[[ Raw data, beginning ]]

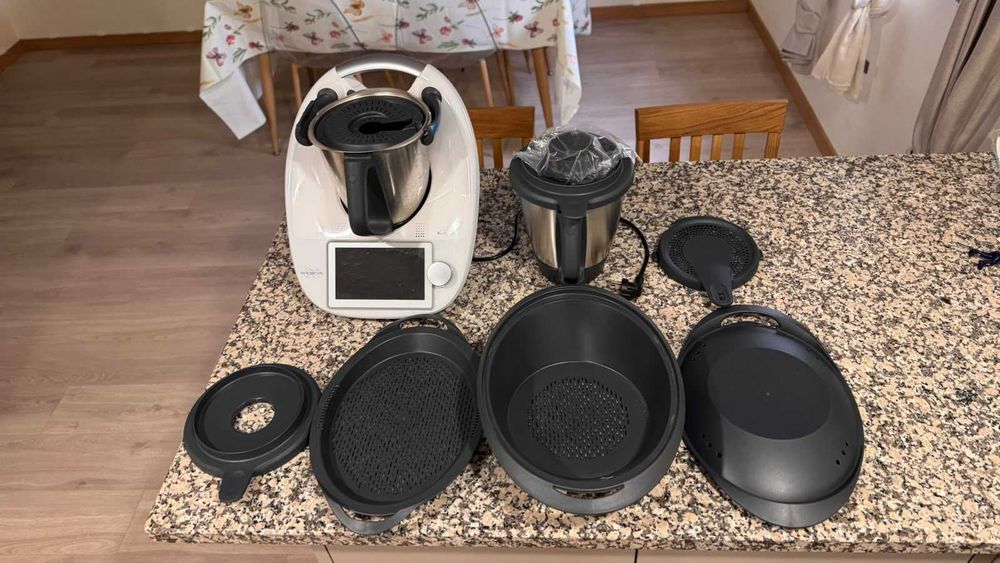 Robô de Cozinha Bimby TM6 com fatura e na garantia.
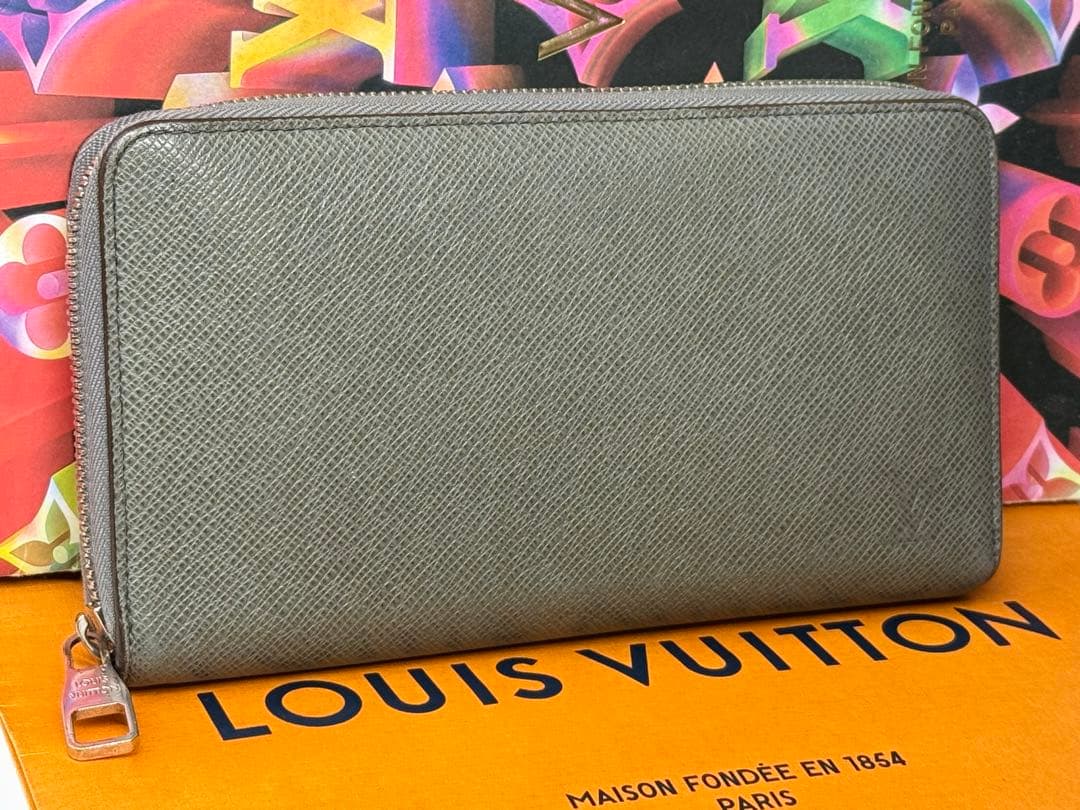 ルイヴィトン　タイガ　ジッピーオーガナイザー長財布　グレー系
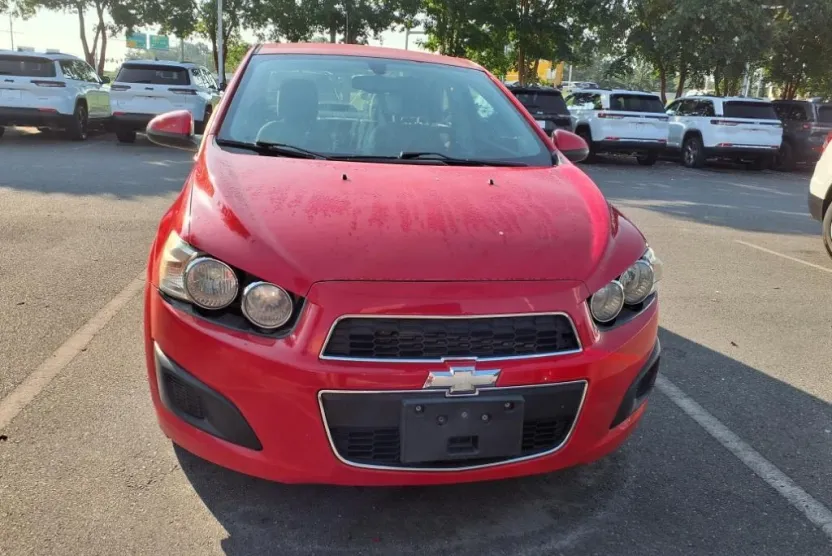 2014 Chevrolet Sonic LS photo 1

[[ Raw data, end ]]

Except for the pictures, write the data out exactly.

 Robô de Cozinha Bimby TM6 com fatura e na garantia.
 ルイヴィトン　タイガ　ジッピーオーガナイザー長財布　グレー系
 2014 Chevrolet Sonic LS photo 1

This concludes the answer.